■ **To do**
The line with "2020 Toyota Passo — foto 8 / 12" marks where to begin; print it and all lines after it in the material below exactly, skipping pictures.

■ **Exercise data**
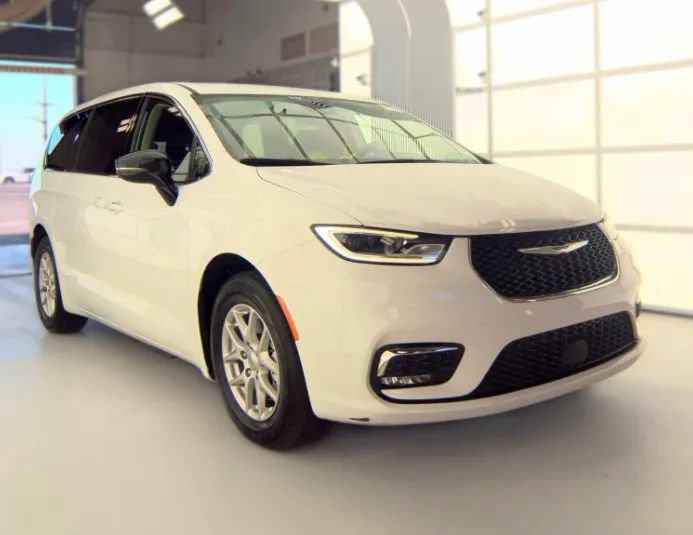 Used 2024 Chrysler Pacifica Touring-L FWD image 2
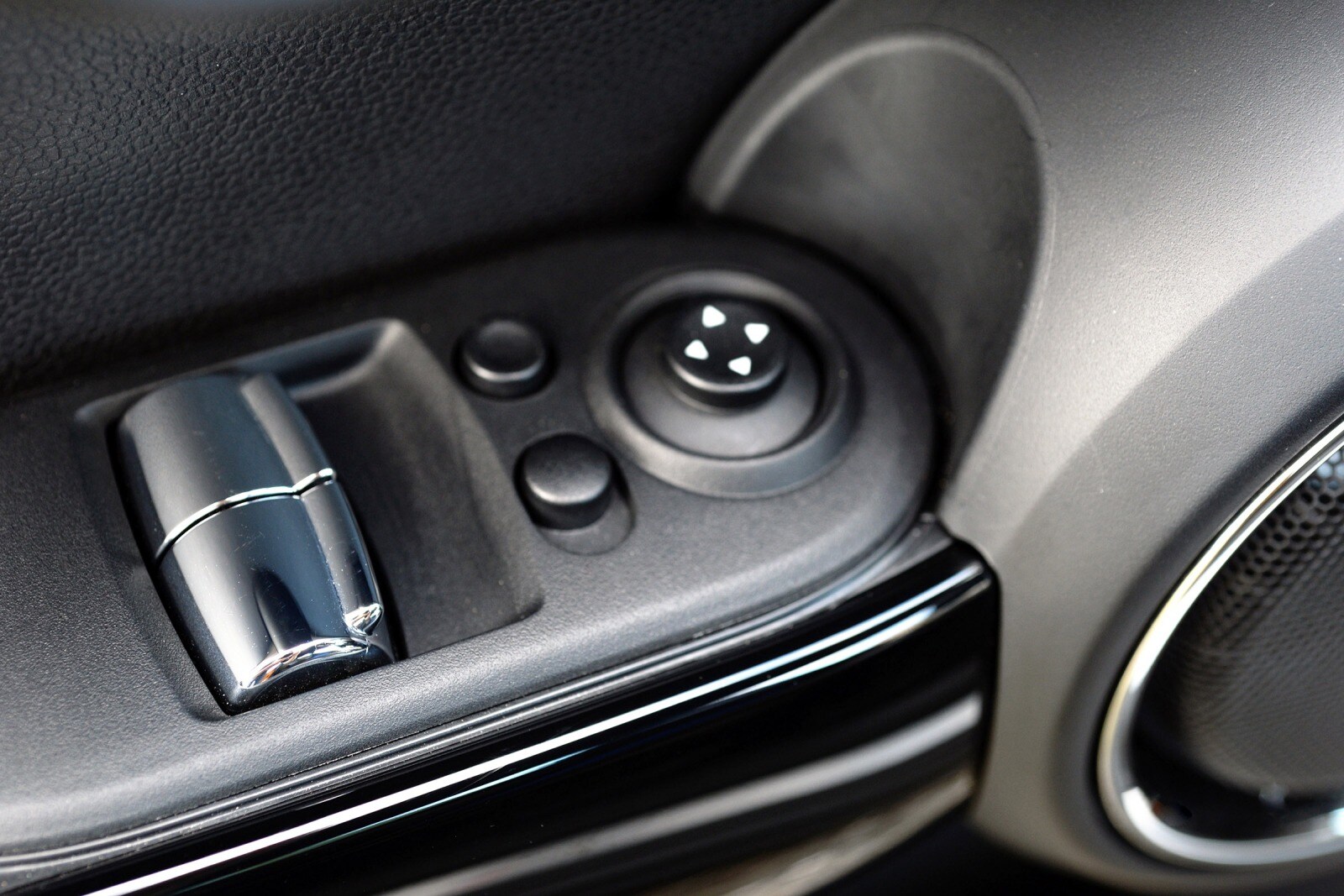 2014 Mini Cooper interior DETAIL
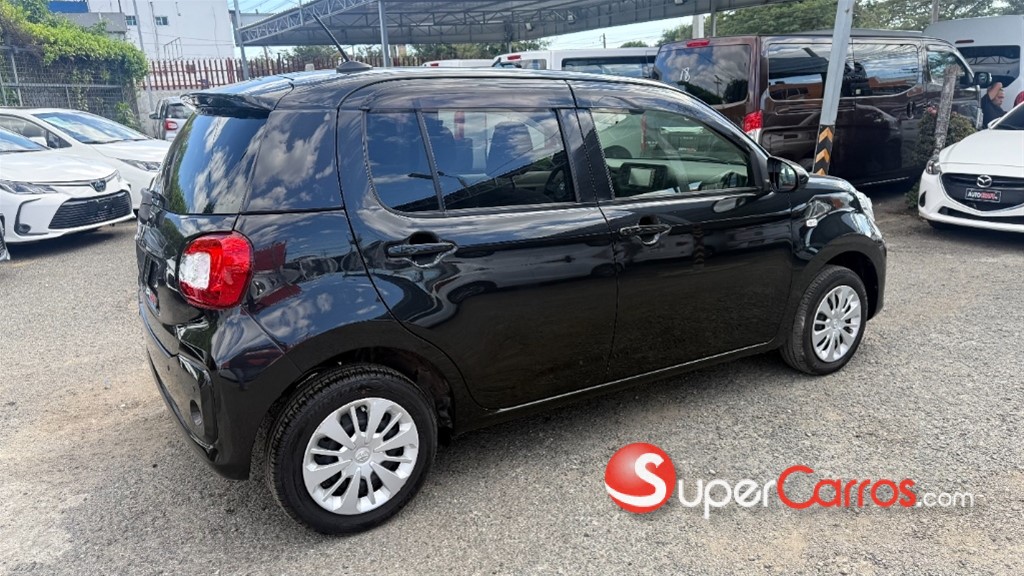 2020 Toyota Passo — foto 8 / 12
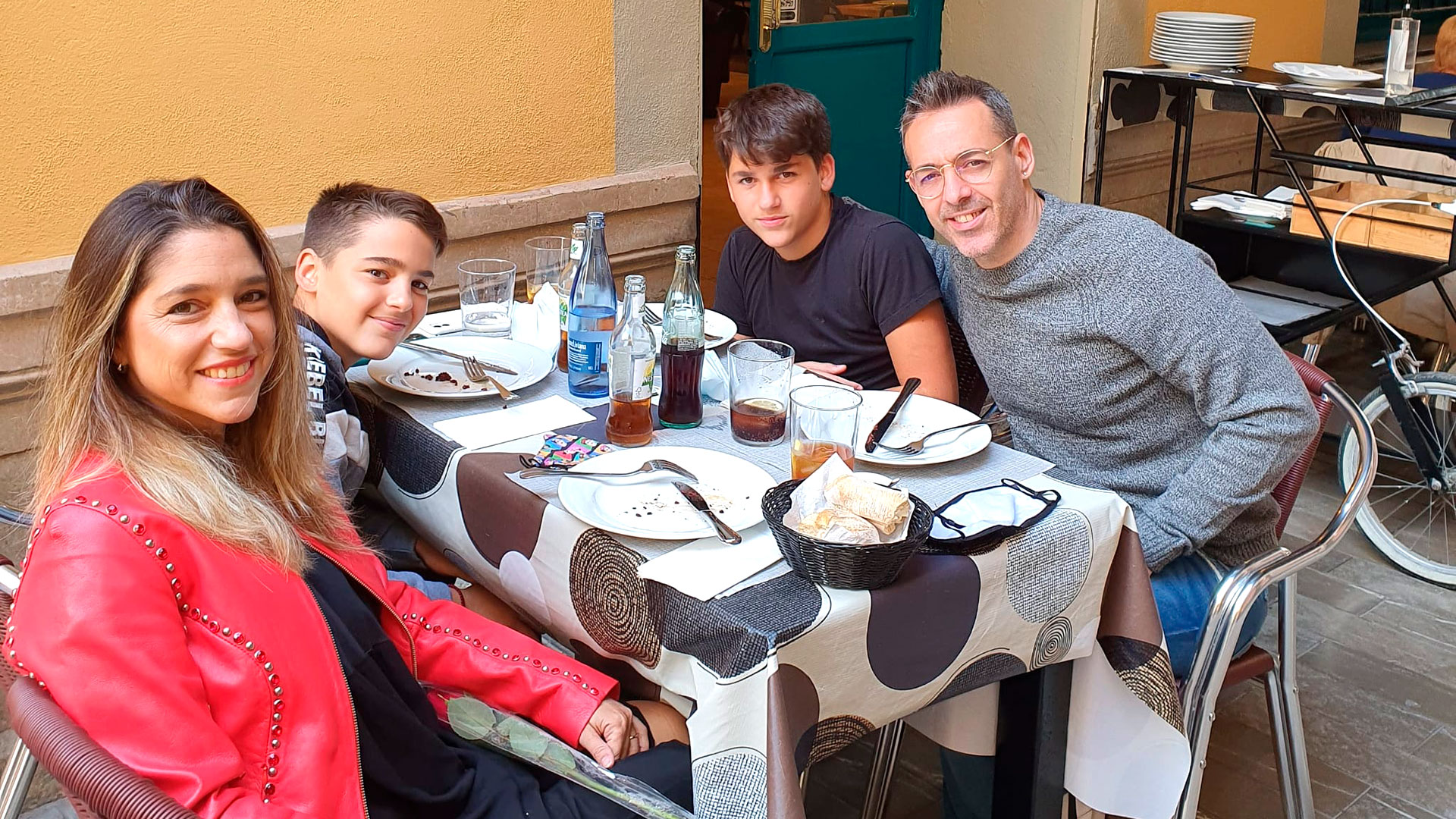 Un almuerzo en familia junto a su mujer Carolina y a sus mellizos de 14 años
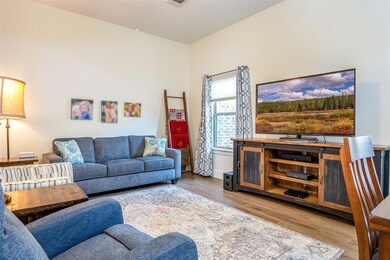 205 Comanche Dr, Lake Kiowa, TX 76240 - photo 7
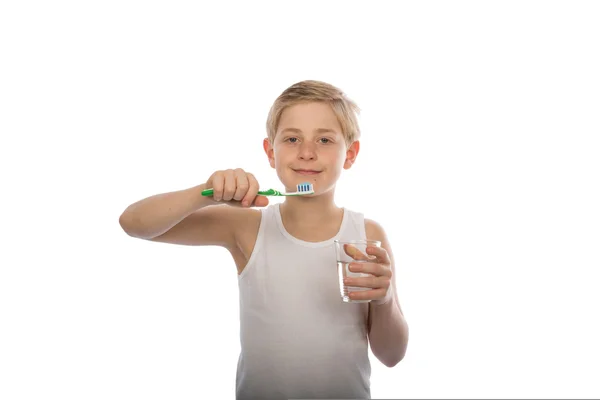 Giovane ragazzo lavarsi i denti — Foto Stock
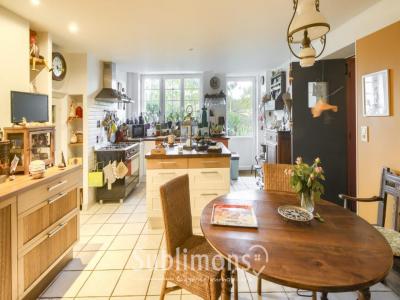 For sale Erdeven 10 rooms 290 m2 Morbihan (56410) photo 4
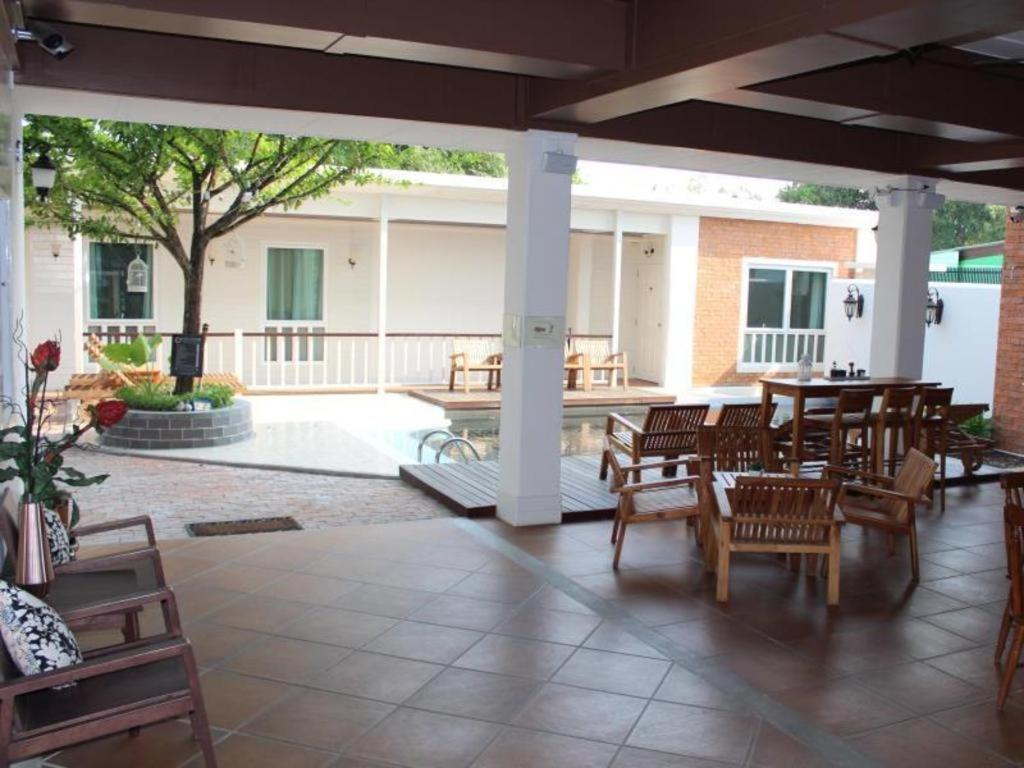 Hotel Baan Pimpisa Bang Sare Exterior foto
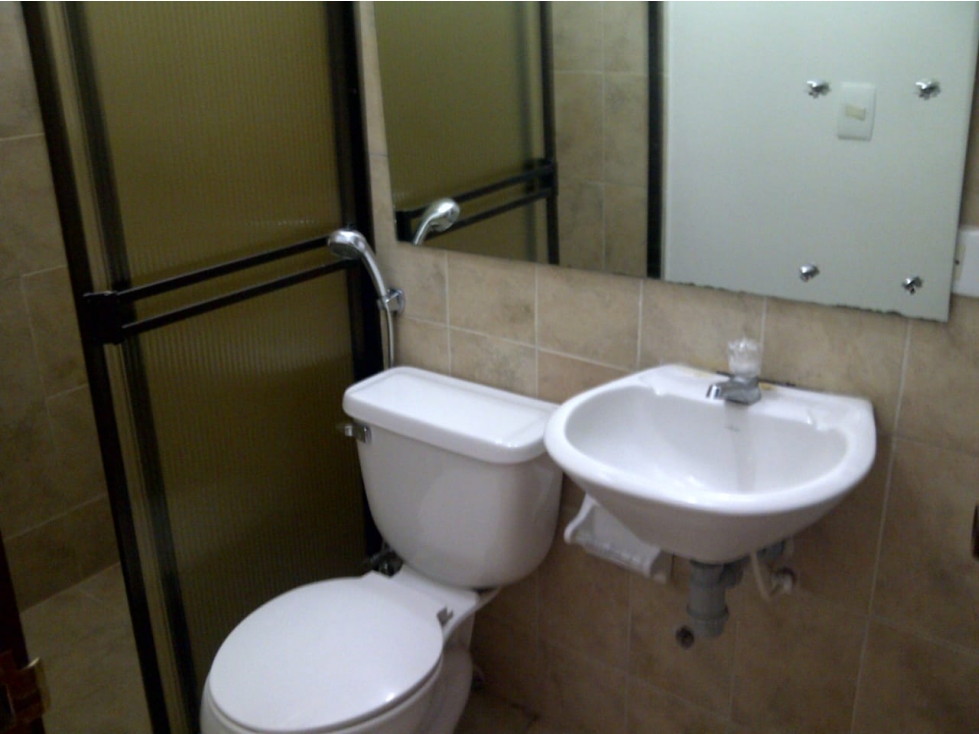 VENDO EDIFICIO 3 PISOS BARRIO REFUGIO CALI — foto 4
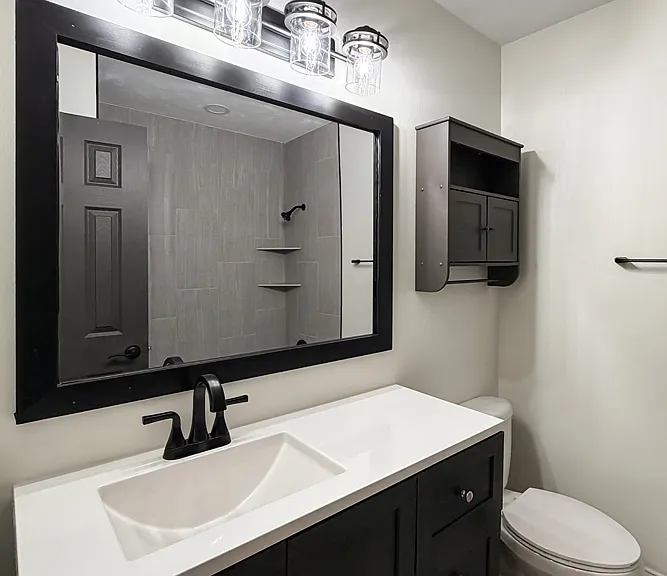 Full Bathroom in Upper Level Hallway Area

■ **Result**
 2020 Toyota Passo — foto 8 / 12
 Un almuerzo en familia junto a su mujer Carolina y a sus mellizos de 14 años
 205 Comanche Dr, Lake Kiowa, TX 76240 - photo 7
 Giovane ragazzo lavarsi i denti — Foto Stock
 For sale Erdeven 10 rooms 290 m2 Morbihan (56410) photo 4
 Hotel Baan Pimpisa Bang Sare Exterior foto
 VENDO EDIFICIO 3 PISOS BARRIO REFUGIO CALI — foto 4
 Full Bathroom in Upper Level Hallway Area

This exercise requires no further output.